[EXERCISE DETAILS] Apart from the pictures, write out all the records exactly.

(Collected data entries)
=== Begin Enclosure ===
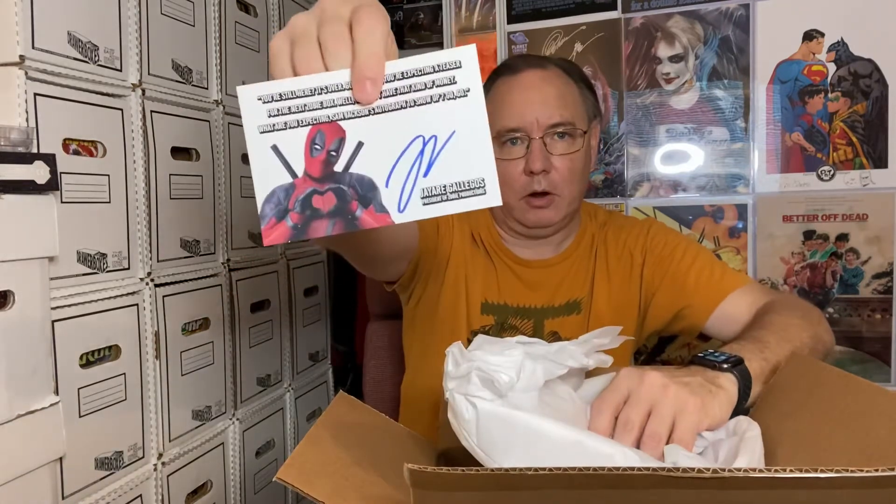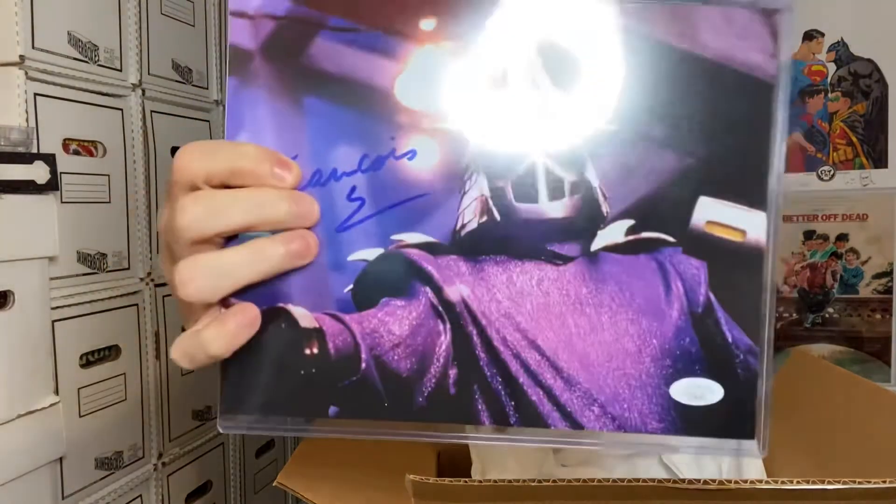Next item should be the print — oh it looks like it's an autograph, so hold on. I got a card. You're still here? It's over, go home! Once again Marvel, and there's Deadpool. Okay, so this would be the autograph, and it's Shredder from the Teenage Mutant Ninja Turtles.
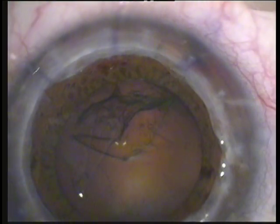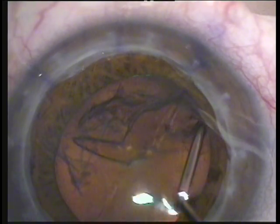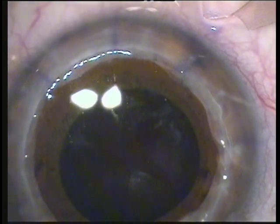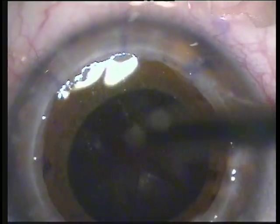We'll go on with the usual steps of hydrodissection and hydrodelineation, which will basically deliver the lens. As you can see here, the lens pops out of the capsule bag and will be delivered with the irrigation cannula. The irrigation-aspiration will follow to remove as much cortical material as possible.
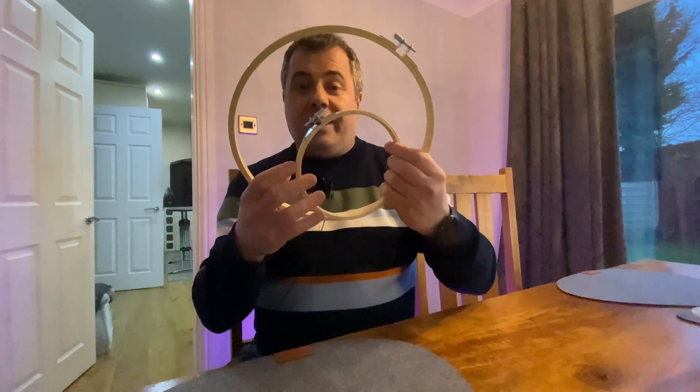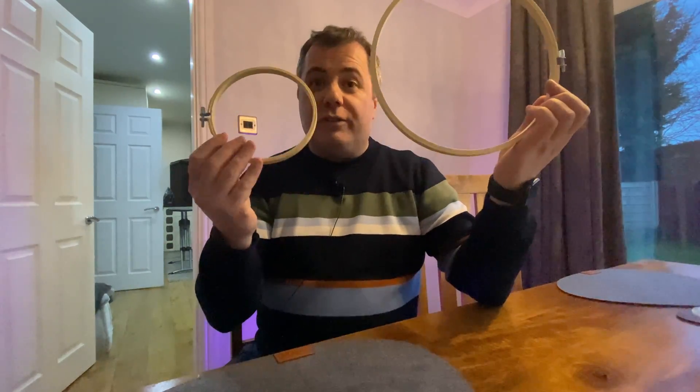No more. Yesterday I saw a guy using embroidery frames — these things. These are literally £7.99 for three. Here's the one I made about 10 minutes ago, and it took me five minutes to make.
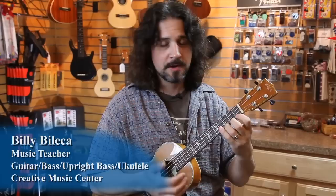Hi, this is Billy from Creative Music Center. So you're getting going on your ukulele and you want to strum some easy songs that you may know. You need some basic chords to get going.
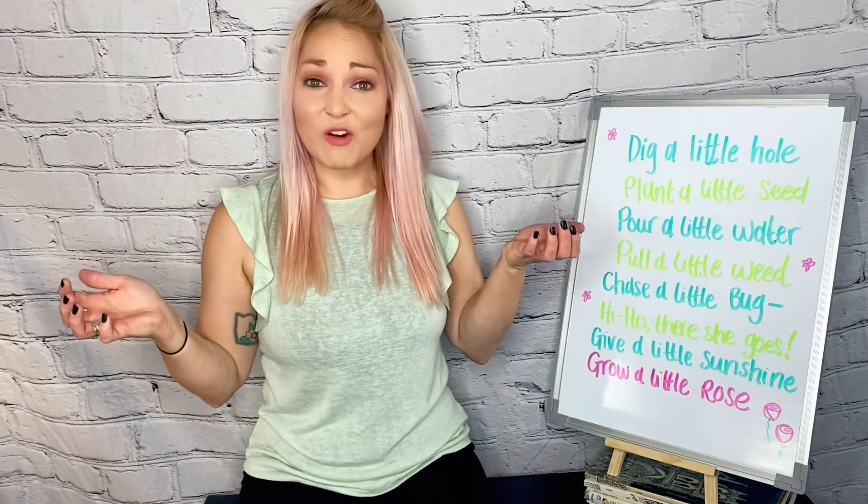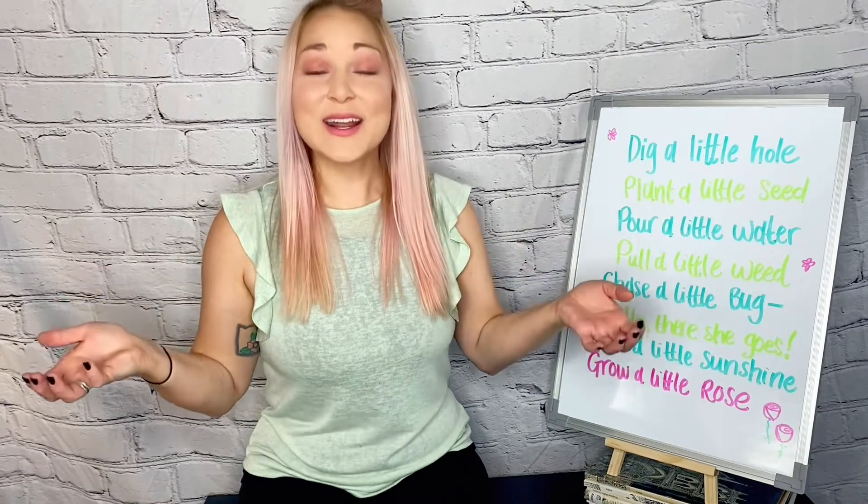That's right. And then you're going to drip, drip, drip, drip, drip. Or maybe if it's a rainy day — what does your plant need to grow? Water. That's right. So we're going to pour a little water. And then, oh no. What do you do when something else comes along that's not what you planted? You've got to get that out of there. Pull a little weed. Pull it right out.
=== End Enclosure ===
[COMPLETED EXERCISE]
Next item should be the print — oh it looks like it's an autograph, so hold on. I got a card. You're still here? It's over, go home! Once again Marvel, and there's Deadpool. Okay, so this would be the autograph, and it's Shredder from the Teenage Mutant Ninja Turtles.
We'll go on with the usual steps of hydrodissection and hydrodelineation, which will basically deliver the lens. As you can see here, the lens pops out of the capsule bag and will be delivered with the irrigation cannula. The irrigation-aspiration will follow to remove as much cortical material as possible.
No more. Yesterday I saw a guy using embroidery frames — these things. These are literally £7.99 for three. Here's the one I made about 10 minutes ago, and it took me five minutes to make.
Hi, this is Billy from Creative Music Center. So you're getting going on your ukulele and you want to strum some easy songs that you may know. You need some basic chords to get going.
That's right. And then you're going to drip, drip, drip, drip, drip. Or maybe if it's a rainy day — what does your plant need to grow? Water. That's right. So we're going to pour a little water. And then, oh no. What do you do when something else comes along that's not what you planted? You've got to get that out of there. Pull a little weed. Pull it right out.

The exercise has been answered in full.